Thank you for standing by, and welcome to Peyto's Third Quarter 2025 Earnings Conference Call. At this time, all participants are in a listen-only mode. After the speaker presentation, there will be a question-and-answer session. To ask a question during the session, you will need to press Star one one on your telephone. To remove yourself from the queue, you may press Star one one again. I would now like to hand the call over to President and CEO, J.P. Lachance. Please go ahead.
Thanks, Latif. Good morning, folks, and thanks for joining Peyto's Third Quarter 2025 Conference Call. Before we begin, I'd like to remind everybody that all statements made by the company during this call are subject to the same forward-looking disclaimer and advisory set forth in the company's news release issued yesterday. Here in the room with me is Riley Frame, our COO; Tavis Carlson, our CFO; Lee Curran, our VP of Drilling and Completions; Todd Burdick, our VP of Production; Mike Collins, our VP of Marketing; Derek Sember, our VP of Land and Business Development; Chrissy Raffas, our VP of Finance; and Michael Reese, our VP of Geoscience.

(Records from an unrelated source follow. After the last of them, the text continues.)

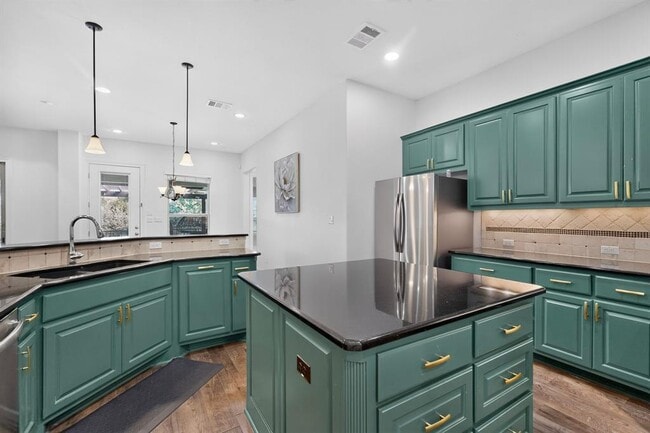 Building Photo - 3904 Piana Pl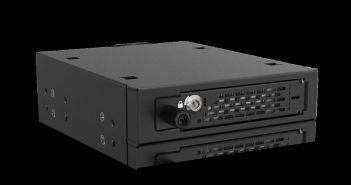 Robuster PCIe 5.0 U.2/U.3 NVMe-Wechselrahmen mit aktivem MIL-STD-810H (Foto: Cremax Europe GmbH)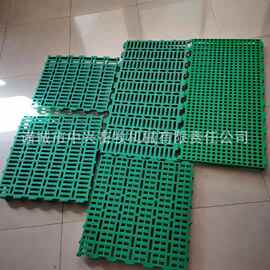 山羊舍图片 羊床安装规格 塑料羊漏粪板 羊床批发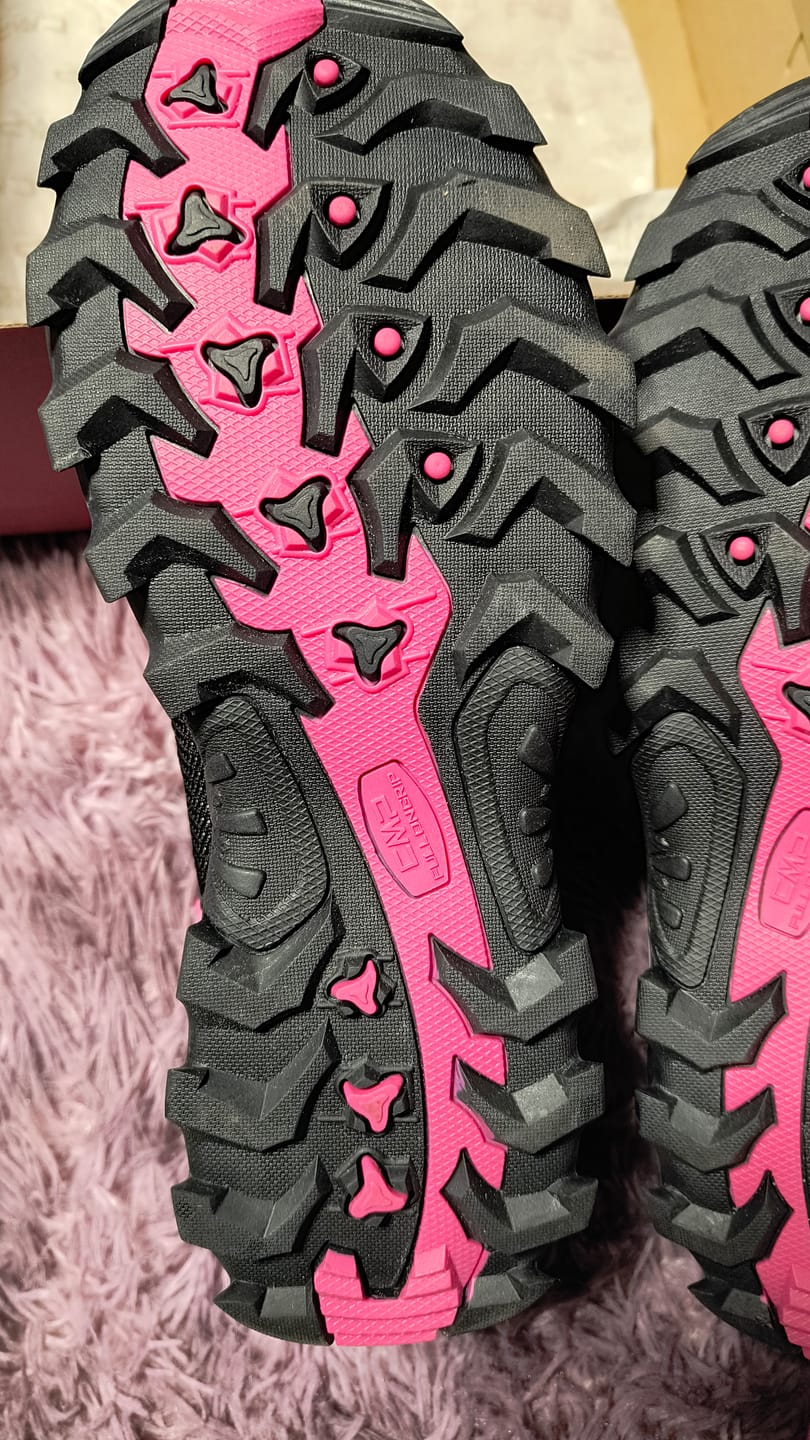 Customer photo review of Zapato Mujer Rigel Mid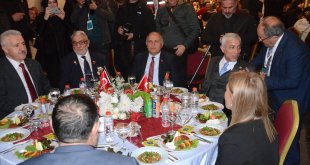 Sarıkamış'ta şehit ve gazi aileleri onuruna yemek verildi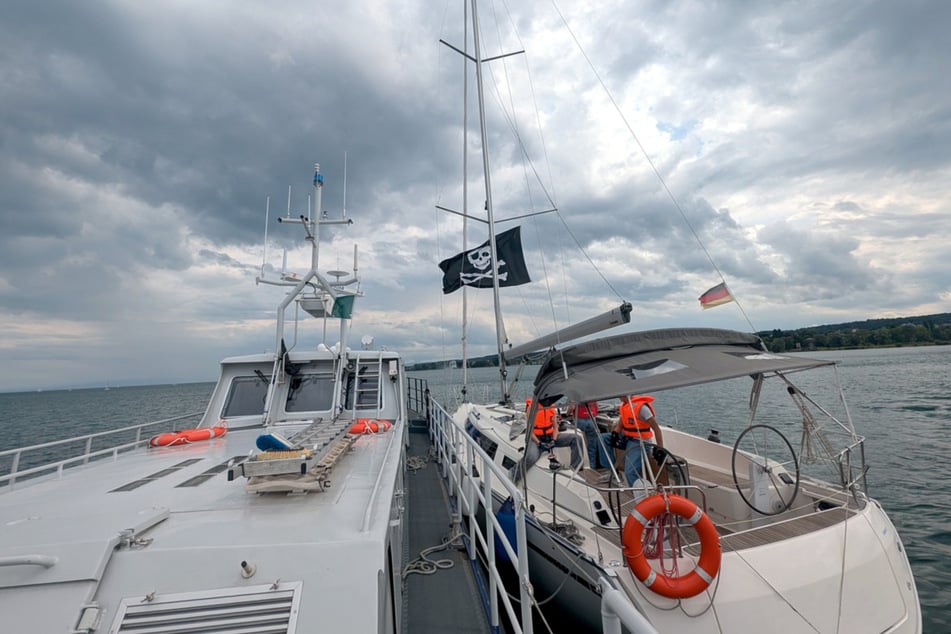 Das Zollboot brachte die Segeljacht sicher in tiefere Gewässer.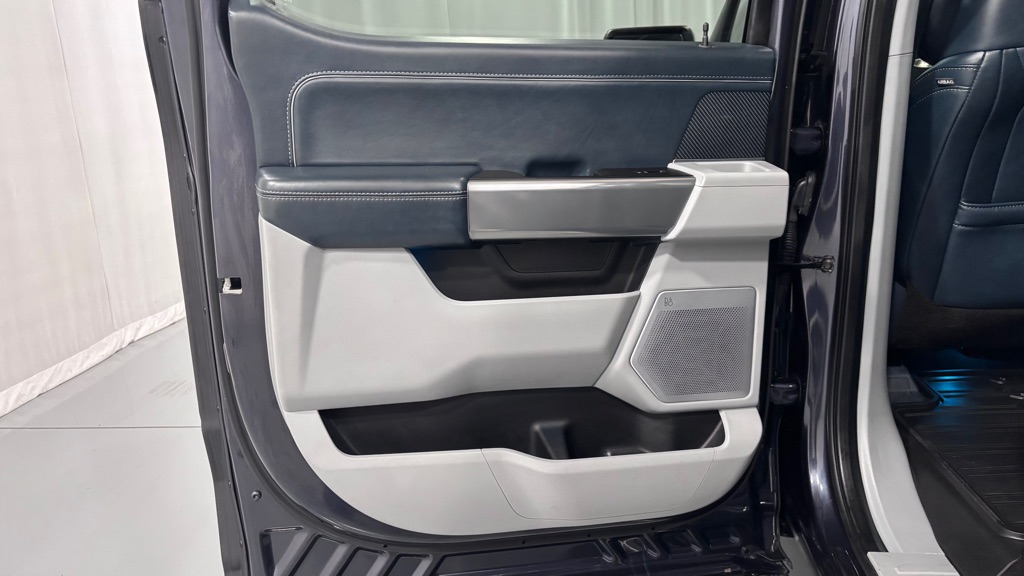 Photo 24 of this FORD F150 LIMITED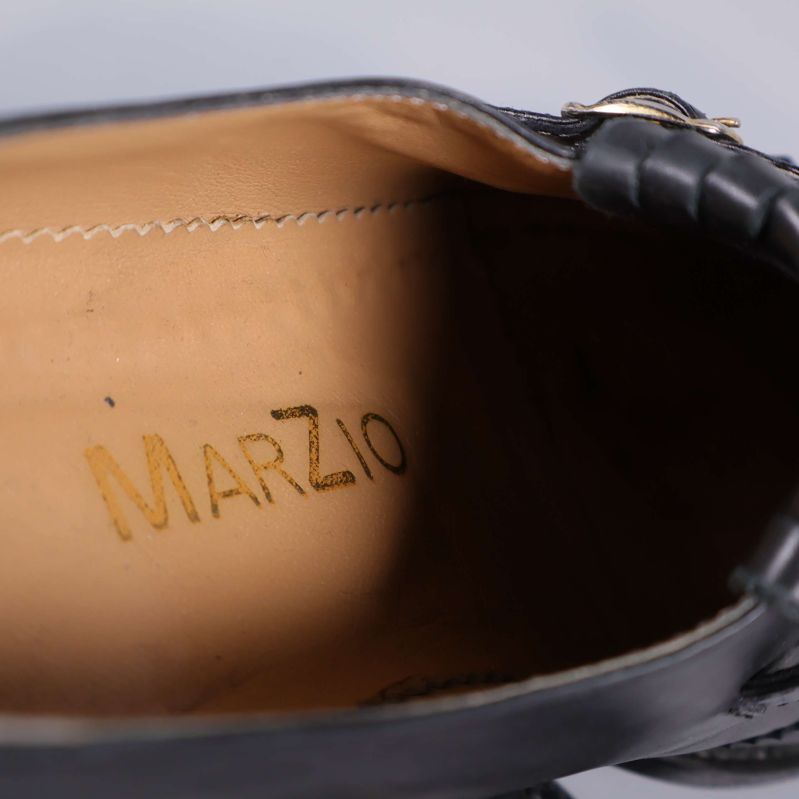 Guldfärgad MARZIO-logga på innersulan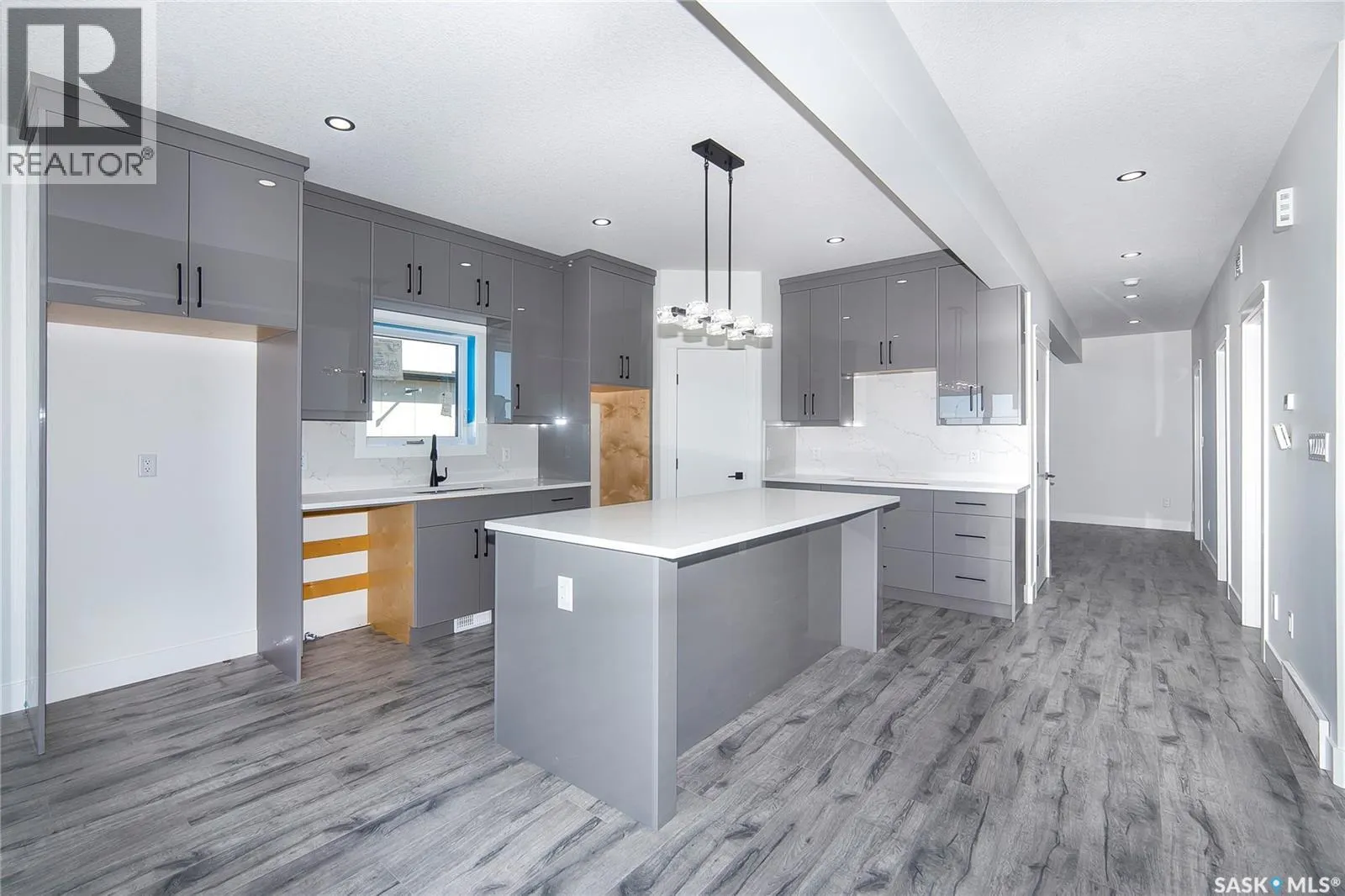447 Woolf BEND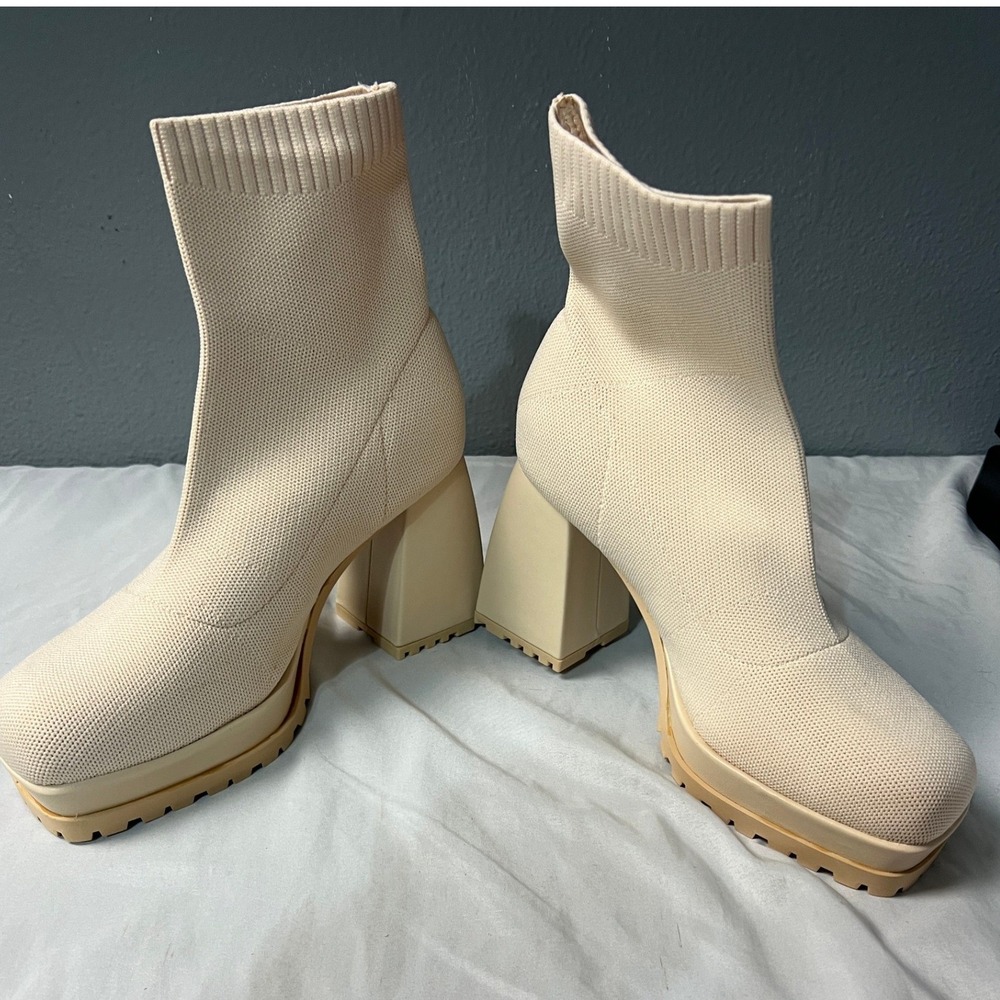 BCBGeneration Cream Knit Sock Boots Platform Block Heel Lug Sole Square Toe 8.5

Before we discuss the quarter, on behalf of this group here, the management team, I'd like to sincerely thank the entire Peyto team, both here in the office and in the field, for their contributions to yet another strong quarter. We had a busy quarter that has carried on through into Q4. July was a little wet, somewhat unusually wet, and that slowed our activity in the month down a little bit. We had some plant turnarounds. We built and started up a new field compressor in Sundance. We added a fifth rig. We shut in some gas in September due to low prices. Most recently, we extended our credit facility. That is just to name a few things. Corporately, production per share was up five percent compared to Q3 last year, with relatively flat quarter-over-quarter production at approximately 130,000 BOE a day. Our cash costs of CAD 1.21 per MCFE, or CAD 1.13 per MCFE without royalties, were down to their lowest level since we purchased the Repsol Canada assets in the fourth quarter of 2023. That is not just unit costs due to some production dilution.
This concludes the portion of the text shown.